Wednesday, October 01, 2003
Marshmallows make the perfect edible toy
By Bev Benett
Since childhood I've been fascinated by marshmallows with their dazzlingly white color and bouncy consistency. I used to wonder how something that tasted so good could also be so much fun. Talk about playing with your food-marshmallows are the perfect edible toy.
Now, this funky hot chocolate classic has grown up and gone gourmet. Rather than the classic spool-sized candy I grew up with the fashion is for “hand-crafted” gourmet marshmallows that sell for $4 to $7 a pound in upscale food stores.
If your children-or you-are tempted by this sophisticated twist on the classic marshmallow, I'll let you in on a secret: this confection is very easy to make. And, Halloween offers an excellent excuse to do so. Instead of shopping the supermarket isles for the latest commercial products, set aside an hour or so with your children and prepare marshmallows from scratch.
I can't argue that a marshmallow is nutritious, but heck, you're not giving kids candy for the vitamin content anyway. Most health experts say sugar is permissible in modest amounts as an occasional treat.
Instead of preaching health, I'm suggesting this project as a way to spend time together. What's more, you'll save money and have a fresher-tasting marshmallow than you'd buy.

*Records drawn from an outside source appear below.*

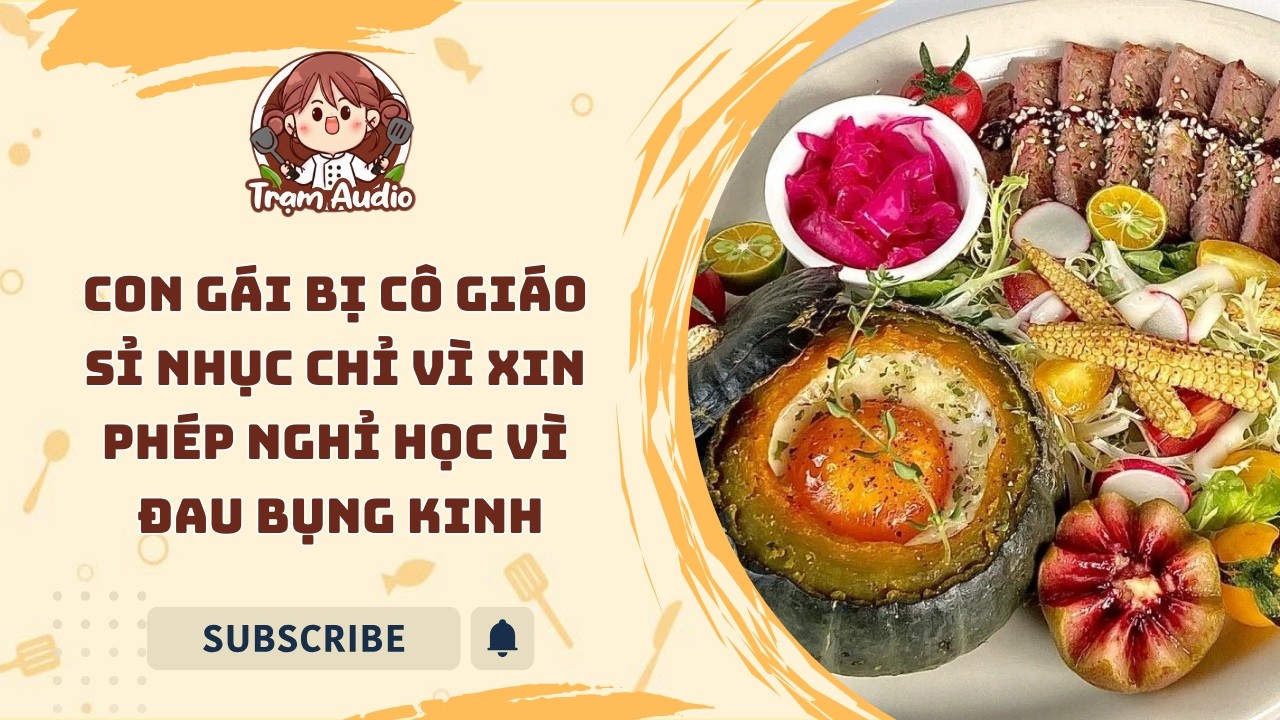 Trạm Audio #147 | Con gái bị cô giáo sỉ nhục chỉ vì xin phép nghỉ học vì đau bụng kinh #audio #cook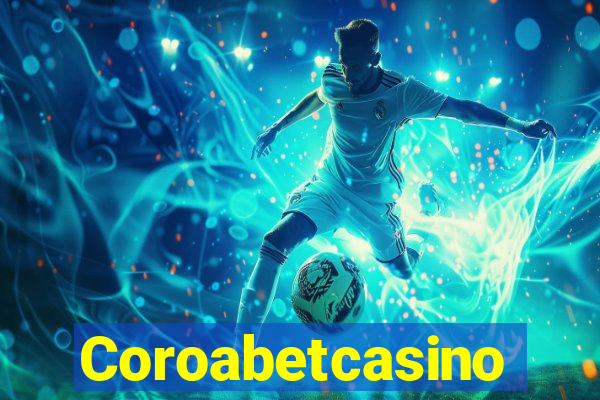 Coroabetcasino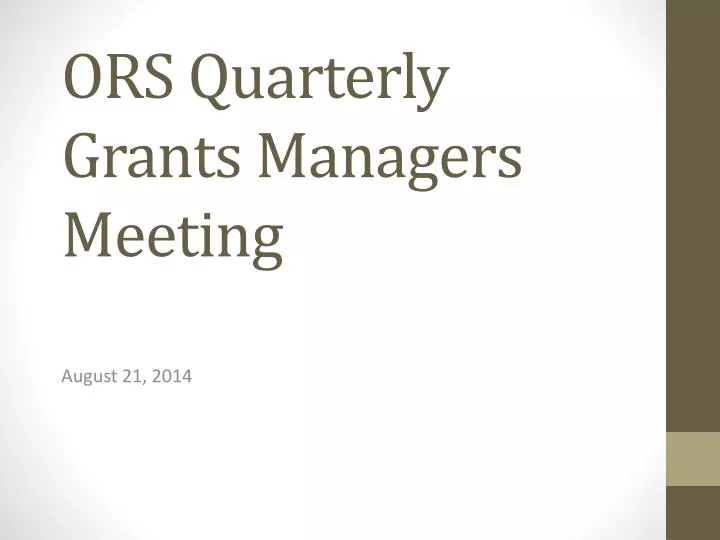 ors quarterly grants managers meeting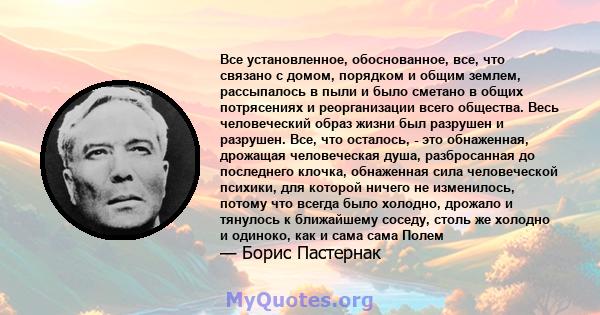 Все установленное, обоснованное, все, что связано с домом, порядком и общим землем, рассыпалось в пыли и было сметано в общих потрясениях и реорганизации всего общества. Весь человеческий образ жизни был разрушен и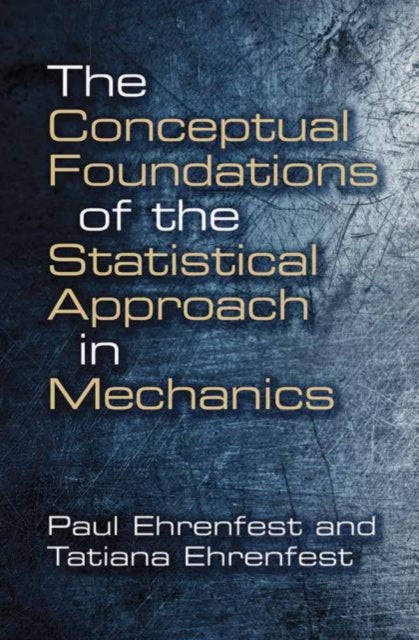 Book cover of: Conceptual Foundations of the Statistical Approach in Mechanics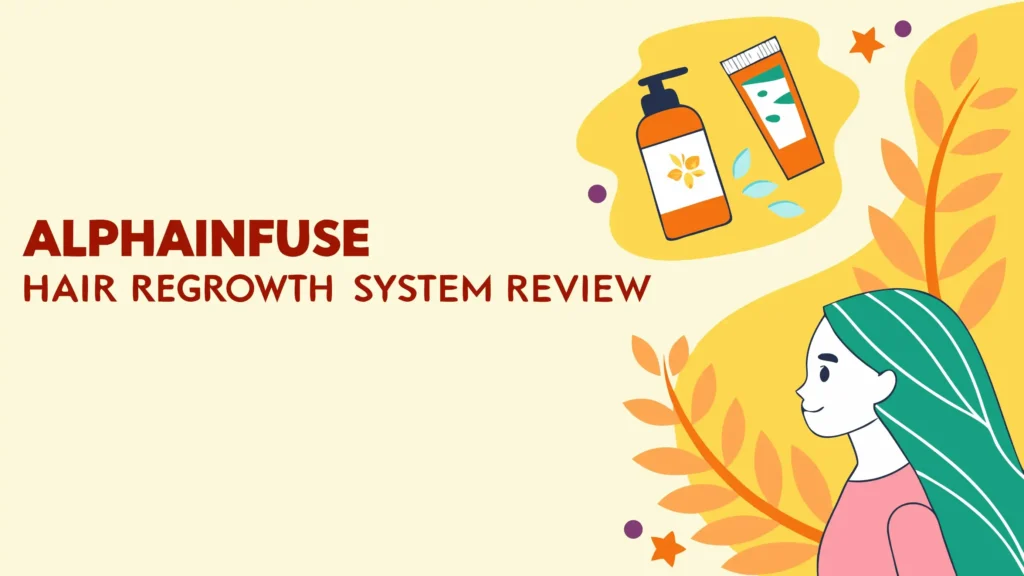 AlphaInfuse Hair Regrowth System Review 2025 2 AlphaInfuse Hair Regrowth System Review 2025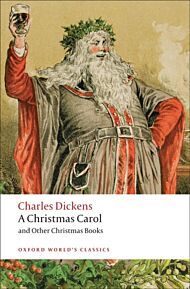 A Christmas Carol and Other Christmas Books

If you've never cooked along with your children, this is a great way to start. Let preschool children pour ingredients into measuring cups with your help. School-age children can do these steps unaided. Children can also mix ingredients, spread the marshmallow batter and cut out shapes.
However, I'd recommend an adult handle the top-of-the stove part of the recipe. To make marshmallows you have to heat a sugar mixture to 240 degrees. The sugar can cause serious burns if it splatters.
Assemble all the ingredients before you start. Get out the measuring cups and other utensils. That way your assistants won't wander away or distract you. This recipe gives you lots of options, but decide what you're doing before you start.
• Leave the batter white or dye using liquid food coloring.
• Use vanilla extract or another flavoring such as mint, lemon or cherry. You can match the color to the expected flavor or contrast the two. For example, green-colored candies are usually either lime or mint flavored. How about cherry for a change?
• Eat the batter straight from the mixer or save some for actual marshmallows. When you first beat the mixture of gelatin, corn syrup and sugar, it's light and luscious. Use it as the frosting for a cake you intend to serve immediately (before the marshmallow firms up) or drop it by the spoonful onto hot chocolate. Or, spread the combination in a pan and let it set.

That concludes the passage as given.